For now it basically get a JavaCC grammar and produces a lexer and a parser ANTLR grammar which should hopefully be equivalent.
Simply look at the class JavaCCToAntlrConverter
. It takes the file name of the JavaCC grammar and outputs
a Lexer and a parser Grammar.
val file = File("src/test/resources/java.jj")
val grammarName = file.nameWithoutExtension.capitalize()
val javaCCGrammar = loadJavaCCGrammar(file)
val antlrGrammar = javaCCGrammar.convertToAntlr(grammarName)
this.genericParser = antlrGrammar.genericParser()
val ast = genericParser.parse("class A { }")

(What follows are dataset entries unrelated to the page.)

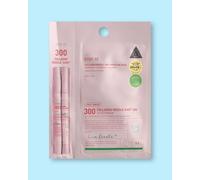 VT Cosmetics Masque au collagène pour le visage avec spicules Collagen Reedle Shot 300 2Step Mask - 1.5 g, 25 g / 1 pc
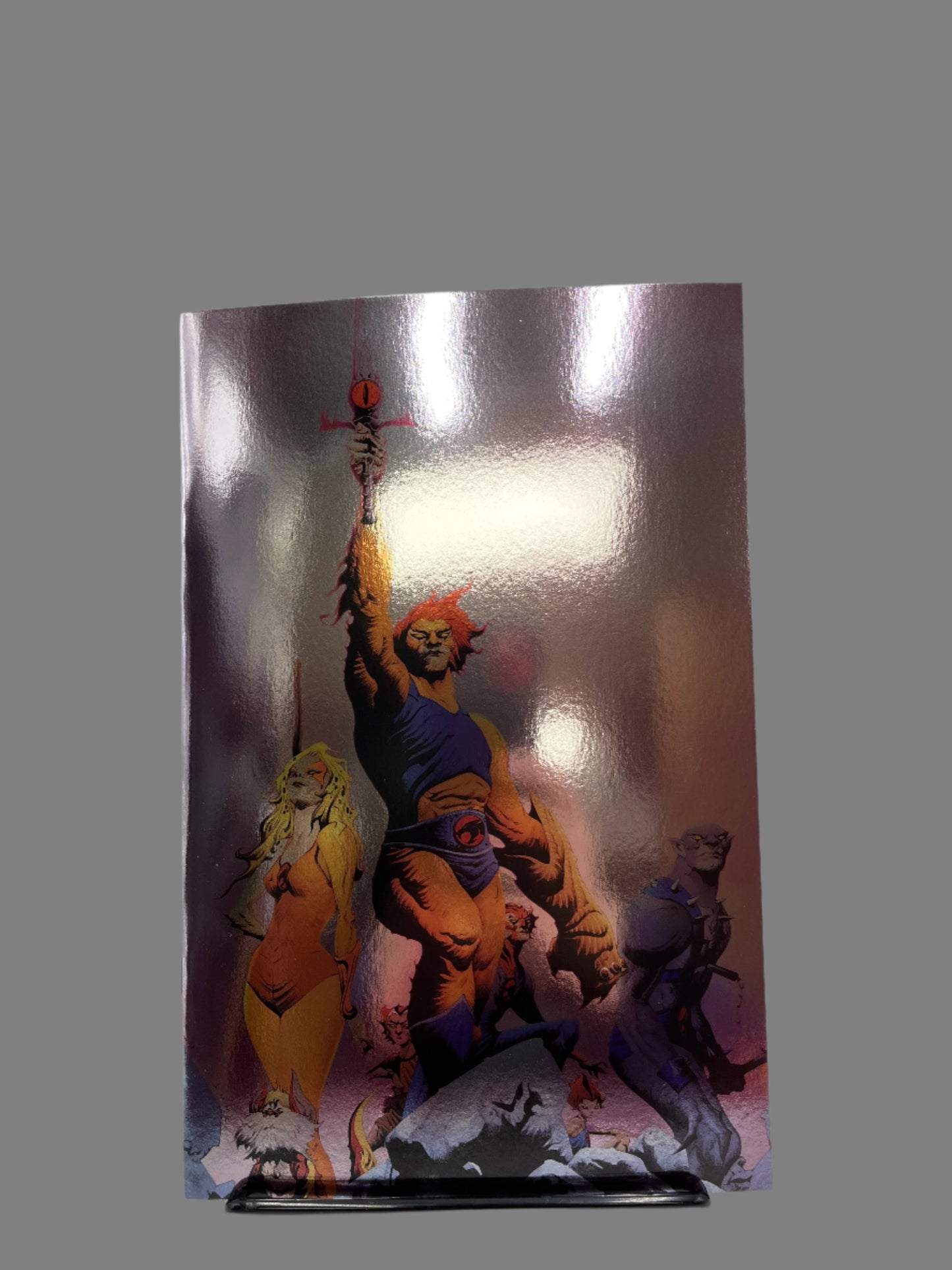 THUNDERCATS #1 EXCLUSIVE COMIC BOOK VARIANT  (VARIOUS OPTIONS)
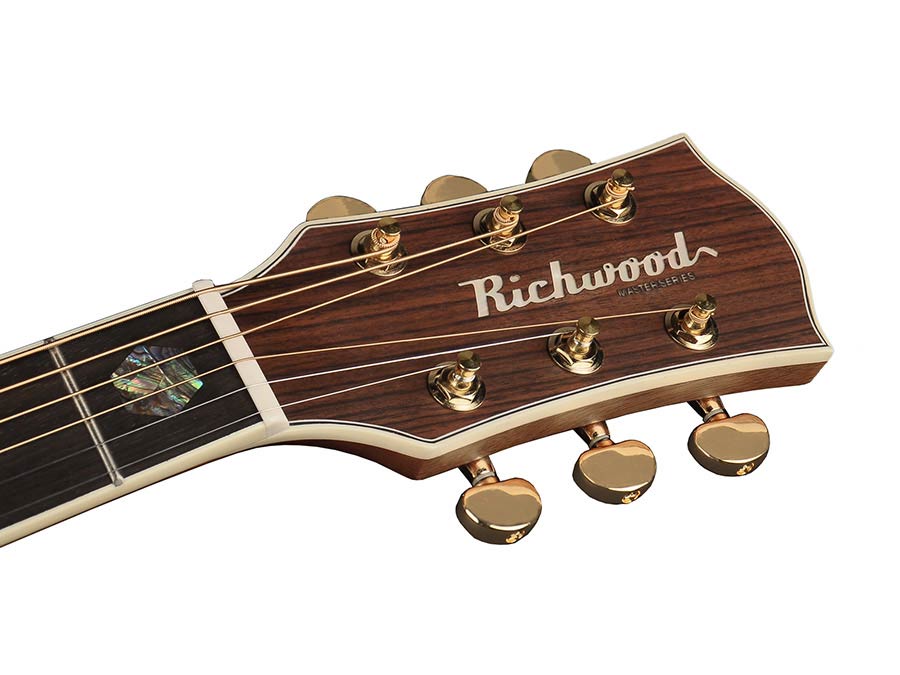 Richwood D-70-VA Master Series Handmade Dreadnought Westerngitaar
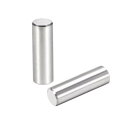 ダボピン mm x mm 304ステンレス鋼 円柱棚サポートピン 50個 6mm X 18mm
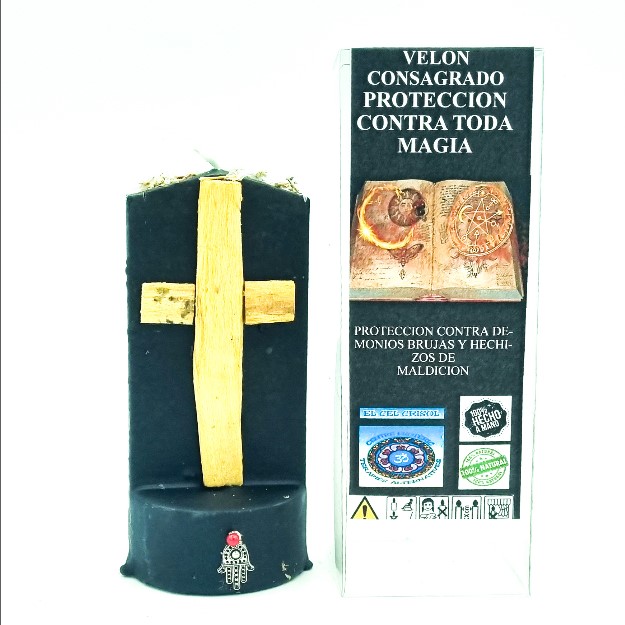 proteccion contra toda magia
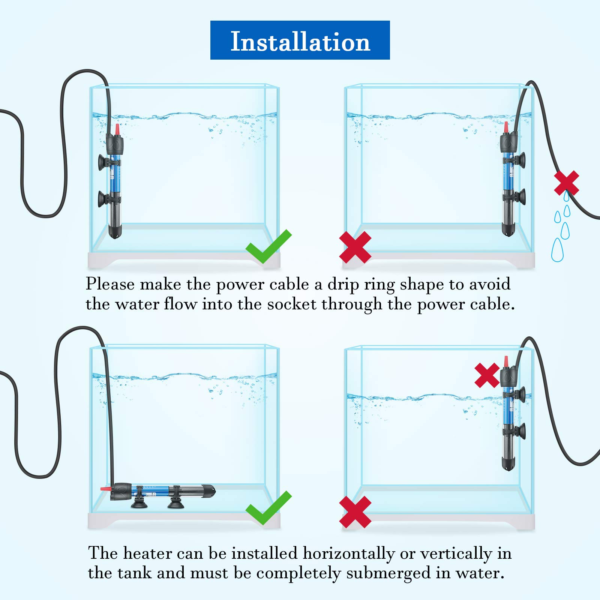 Aquarium Heater - Image 5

JavaCC by default does not have a way for tokens to change the token manager lexical state with memory, like ANTLR provides
with the pushMode
and popMode
commands. For example, to parse as a single token a balanced set of parentheses such as
((()) ())
you might have the following JavaCC parser:
TOKEN_MGR_DECLS : {
static List<Integer> lexicalStateStack = new ArrayList<Integer>();
static void openParen() {
lexicalStateStack.add(curLexState);
}
static void closeParen() {
SwitchTo(lexicalStateStack.remove(lexicalStateStack.size() - 1));
}
}
<DEFAULT, LEVEL1, LEVELN> SKIP : {
< " " >
}
<LEVELN> MORE : {
<LPAREN: "("> { openParen(); }
| <RPAREN: ")"> { closeParen(); }
}
MORE : {
< "(" > { openParen(); } : LEVEL1
}
<LEVEL1> MORE : {
< "(" > { openParen(); } : LEVELN
}
<LEVEL1> TOKEN : {
<BALANCED_PARENS: ")" > { closeParen(); } : DEFAULT
}
void Start(): {} { <BALANCED_PARENS> <EOF> }
However, the ANTLR lexer would not behave correctly because we cannot infer when, according to the SwitchTo
statements
executed as part of the actions, the corresponding ANTLR rules should use mode
, pushMode
, or popMode
commands:
lexer grammar Lexer;
SKIP0 : ' ' -> skip ;
MORE0 : '(' -> more, mode(LEVEL1) ;
mode LEVEL1;
LEVEL1_SKIP0 : SKIP0 -> skip ;
MORE1 : '(' -> more, mode(LEVELN) ;
BALANCED_PARENS : ')' -> mode(DEFAULT_MODE) ;
mode LEVELN;
LEVELN_SKIP0 : SKIP0 -> skip ;
LPAREN : '(' -> more ;
RPAREN : ')' -> more ; // PROBLEM: Cannot escape this mode!
parser grammar Parser;
options { tokenVocab=Lexer; }
start : BALANCED_PARENS EOF ;
In order to handle such actions, you must add the following fields to your TOKEN_MGR_DECLS
with values set to the name
of your functions that should map to pushMode
and popMode
commands respectively:
TOKEN_MGR_DECLS : {
...
final static String pushStateFunc = "openParen";
final static String popStateFunc = "closeParen";
}
Now the lexer gets generated correctly:
SKIP0 : ' ' -> skip ;
MORE0 : '(' -> more, pushMode(LEVEL1) ;
mode LEVEL1;
LEVEL1_SKIP0 : SKIP0 -> skip ;
MORE1 : '(' -> more, pushMode(LEVELN) ;
BALANCED_PARENS : ')' -> popMode ;
mode LEVELN;
LEVELN_SKIP0 : SKIP0 -> skip ;
LPAREN : '(' -> more, pushMode(LEVELN) ;
RPAREN : ')' -> more, popMode ;
The project is made available under the Apache Public License V2.0. Please see the file called LICENSE.